- [Your objective]: Write out the whole listing. Leave out nothing.

- [Input data]:
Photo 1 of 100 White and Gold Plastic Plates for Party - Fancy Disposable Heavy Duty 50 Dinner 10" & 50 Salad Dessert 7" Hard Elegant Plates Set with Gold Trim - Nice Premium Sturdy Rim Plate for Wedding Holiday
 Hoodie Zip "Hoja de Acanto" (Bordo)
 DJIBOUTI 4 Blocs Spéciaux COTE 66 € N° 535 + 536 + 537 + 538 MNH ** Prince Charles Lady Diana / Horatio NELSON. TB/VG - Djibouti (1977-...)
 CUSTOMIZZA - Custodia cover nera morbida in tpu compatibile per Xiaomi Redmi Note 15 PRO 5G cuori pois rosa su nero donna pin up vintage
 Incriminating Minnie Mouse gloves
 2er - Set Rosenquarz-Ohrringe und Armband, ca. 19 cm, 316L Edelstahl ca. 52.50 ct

- [Written solution]:
Photo 1 of 100 White and Gold Plastic Plates for Party - Fancy Disposable Heavy Duty 50 Dinner 10" & 50 Salad Dessert 7" Hard Elegant Plates Set with Gold Trim - Nice Premium Sturdy Rim Plate for Wedding Holiday
 Hoodie Zip "Hoja de Acanto" (Bordo)
 DJIBOUTI 4 Blocs Spéciaux COTE 66 € N° 535 + 536 + 537 + 538 MNH ** Prince Charles Lady Diana / Horatio NELSON. TB/VG - Djibouti (1977-...)
 CUSTOMIZZA - Custodia cover nera morbida in tpu compatibile per Xiaomi Redmi Note 15 PRO 5G cuori pois rosa su nero donna pin up vintage
 Incriminating Minnie Mouse gloves
 2er - Set Rosenquarz-Ohrringe und Armband, ca. 19 cm, 316L Edelstahl ca. 52.50 ct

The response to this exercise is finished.